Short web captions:
__________________________________________________

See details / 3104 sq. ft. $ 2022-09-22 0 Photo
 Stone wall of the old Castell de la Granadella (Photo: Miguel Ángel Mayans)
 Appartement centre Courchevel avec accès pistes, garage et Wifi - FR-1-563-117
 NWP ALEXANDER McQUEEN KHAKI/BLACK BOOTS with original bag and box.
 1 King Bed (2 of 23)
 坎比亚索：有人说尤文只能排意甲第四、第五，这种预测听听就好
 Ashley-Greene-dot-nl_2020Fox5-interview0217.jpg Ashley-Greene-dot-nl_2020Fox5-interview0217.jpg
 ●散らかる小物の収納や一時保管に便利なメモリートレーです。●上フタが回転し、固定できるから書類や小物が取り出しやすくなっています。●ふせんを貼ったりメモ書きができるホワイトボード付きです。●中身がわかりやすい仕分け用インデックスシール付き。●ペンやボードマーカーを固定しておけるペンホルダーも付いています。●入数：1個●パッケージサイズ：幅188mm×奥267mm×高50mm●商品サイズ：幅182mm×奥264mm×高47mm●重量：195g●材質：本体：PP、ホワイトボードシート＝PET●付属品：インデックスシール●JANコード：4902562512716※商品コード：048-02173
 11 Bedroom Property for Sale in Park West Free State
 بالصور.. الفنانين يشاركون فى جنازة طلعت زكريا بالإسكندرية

__________________________________________________

• **DIRECTIONS**
Reproduce the data in its entirety. Keep every character unchanged.

• **ANSWER SECTION**
See details / 3104 sq. ft. $ 2022-09-22 0 Photo
 Stone wall of the old Castell de la Granadella (Photo: Miguel Ángel Mayans)
 Appartement centre Courchevel avec accès pistes, garage et Wifi - FR-1-563-117
 NWP ALEXANDER McQUEEN KHAKI/BLACK BOOTS with original bag and box.
 1 King Bed (2 of 23)
 坎比亚索：有人说尤文只能排意甲第四、第五，这种预测听听就好
 Ashley-Greene-dot-nl_2020Fox5-interview0217.jpg Ashley-Greene-dot-nl_2020Fox5-interview0217.jpg
 ●散らかる小物の収納や一時保管に便利なメモリートレーです。●上フタが回転し、固定できるから書類や小物が取り出しやすくなっています。●ふせんを貼ったりメモ書きができるホワイトボード付きです。●中身がわかりやすい仕分け用インデックスシール付き。●ペンやボードマーカーを固定しておけるペンホルダーも付いています。●入数：1個●パッケージサイズ：幅188mm×奥267mm×高50mm●商品サイズ：幅182mm×奥264mm×高47mm●重量：195g●材質：本体：PP、ホワイトボードシート＝PET●付属品：インデックスシール●JANコード：4902562512716※商品コード：048-02173
 11 Bedroom Property for Sale in Park West Free State
 بالصور.. الفنانين يشاركون فى جنازة طلعت زكريا بالإسكندرية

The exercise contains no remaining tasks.